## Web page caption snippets
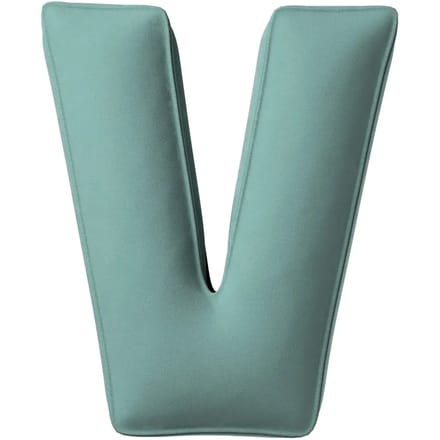 Kussen letter v Yellow Tipi Posh Velvet
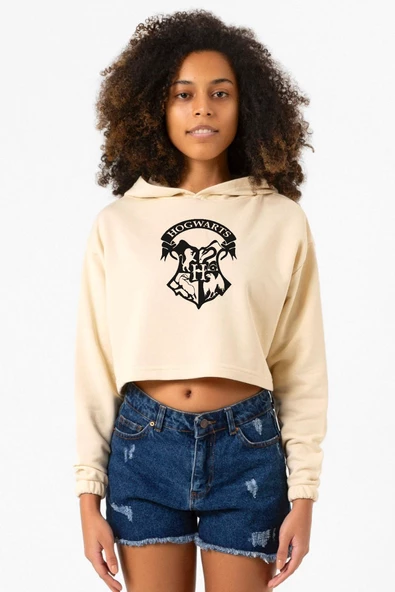HP Hogwarts Bej Kadın Crop Kapşonlu ürün görseli 1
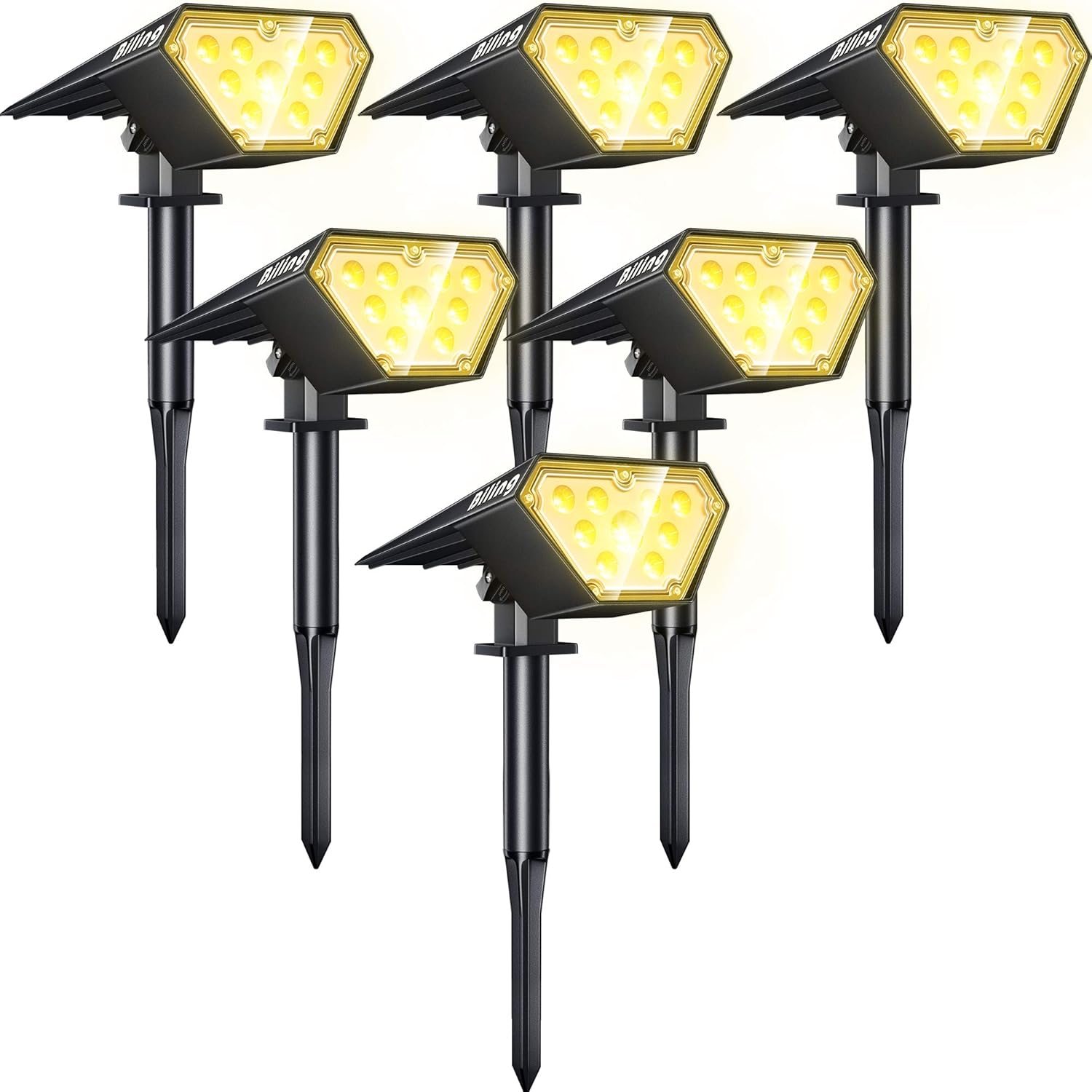 Biling Solar Spot Lights Outdoor - Bright 700 Lumen IP67 Waterproof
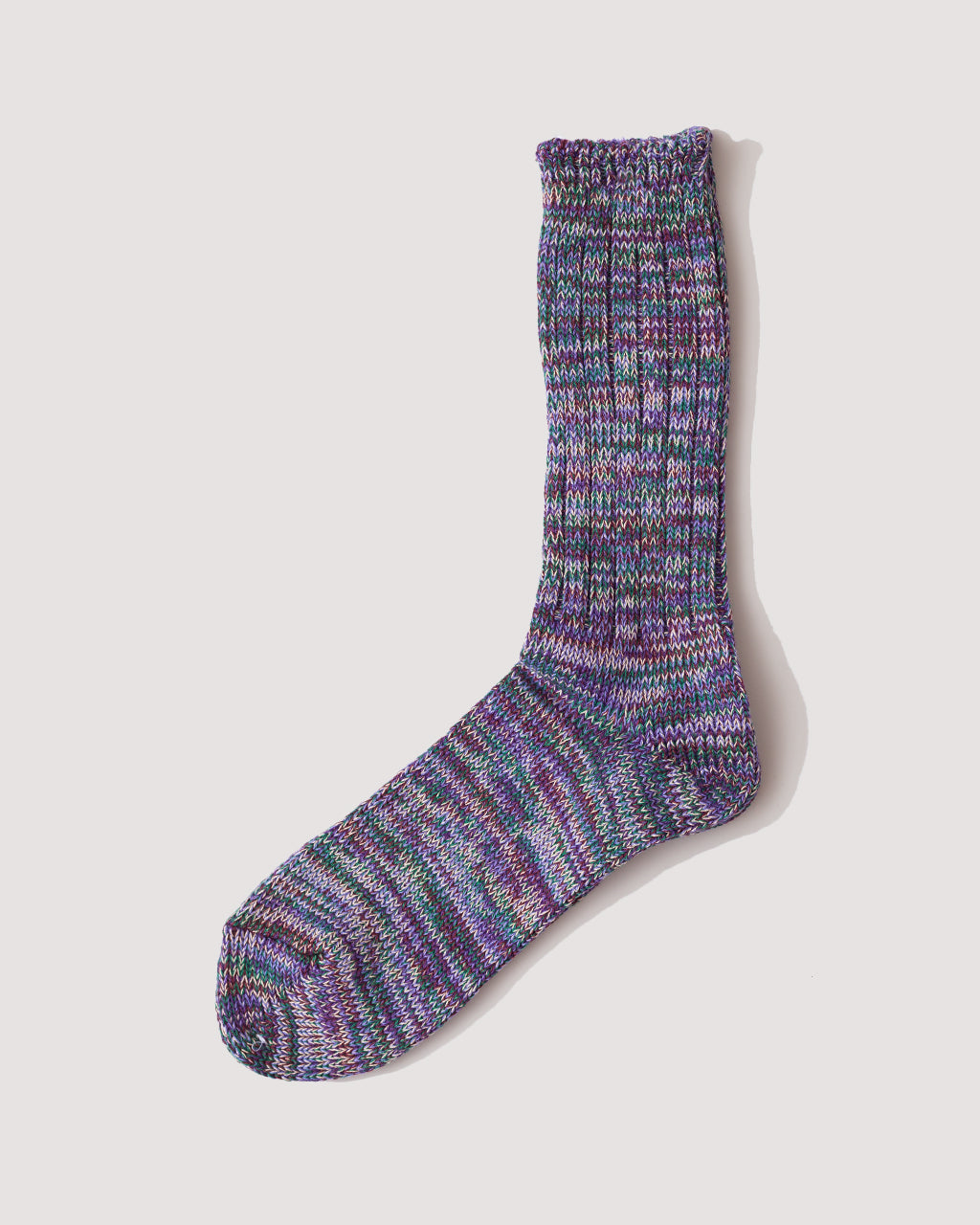 5 Colour Mix Crew Sock - Purple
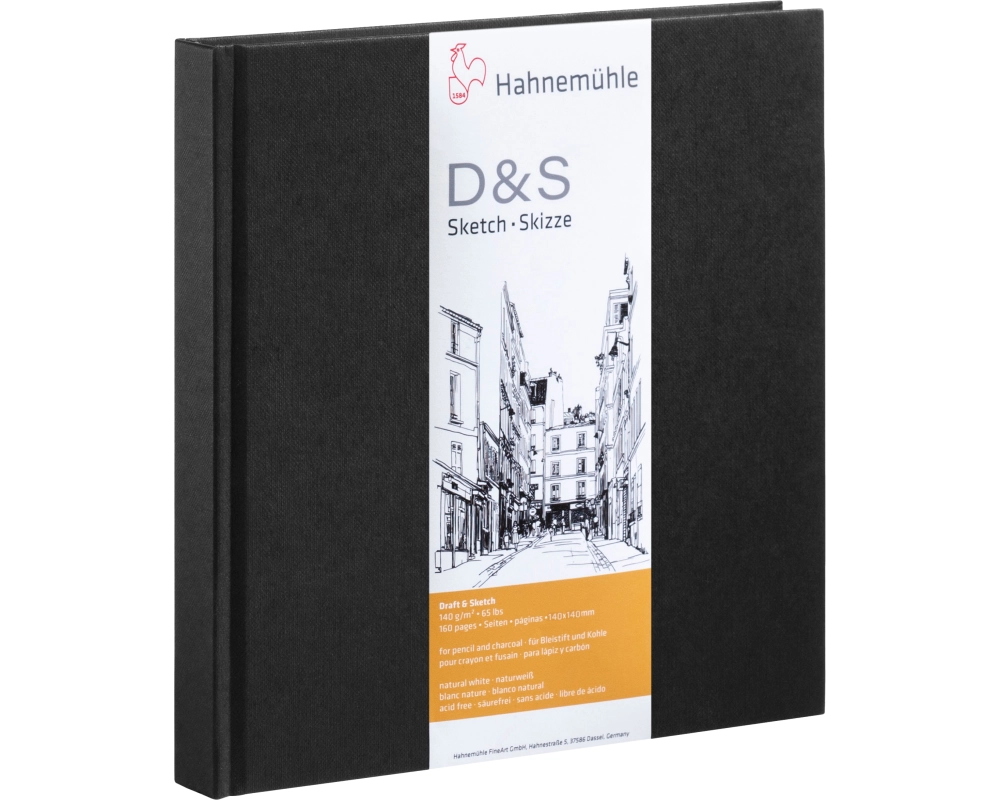 HAHNEMÜHLE Skizzenbuch D&S 14x14cm 10628225 schwarz 80 Blatt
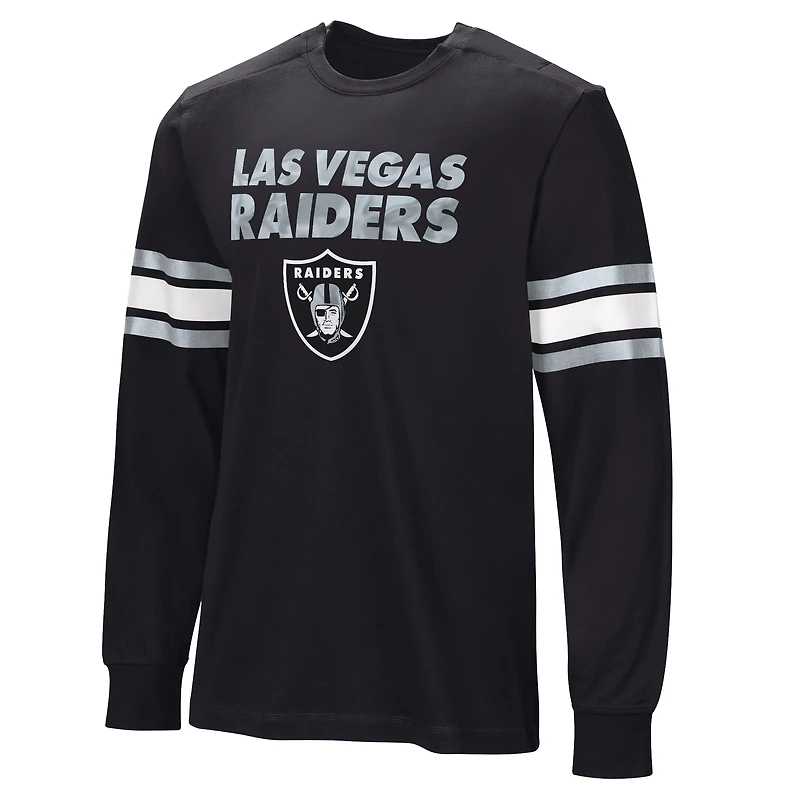 Men's  Black Las Vegas Raiders Hands Off Long Sleeve Adaptive T-Shirt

## TASK DIRECTIONS
An answer containing only the lines from the one holding "Biling Solar Spot" through the close of the entries above, reproduced exactly and stripped of pictures, is expected.

## ANSWER SECTION
 Biling Solar Spot Lights Outdoor - Bright 700 Lumen IP67 Waterproof
 5 Colour Mix Crew Sock - Purple
 HAHNEMÜHLE Skizzenbuch D&S 14x14cm 10628225 schwarz 80 Blatt
 Men's  Black Las Vegas Raiders Hands Off Long Sleeve Adaptive T-Shirt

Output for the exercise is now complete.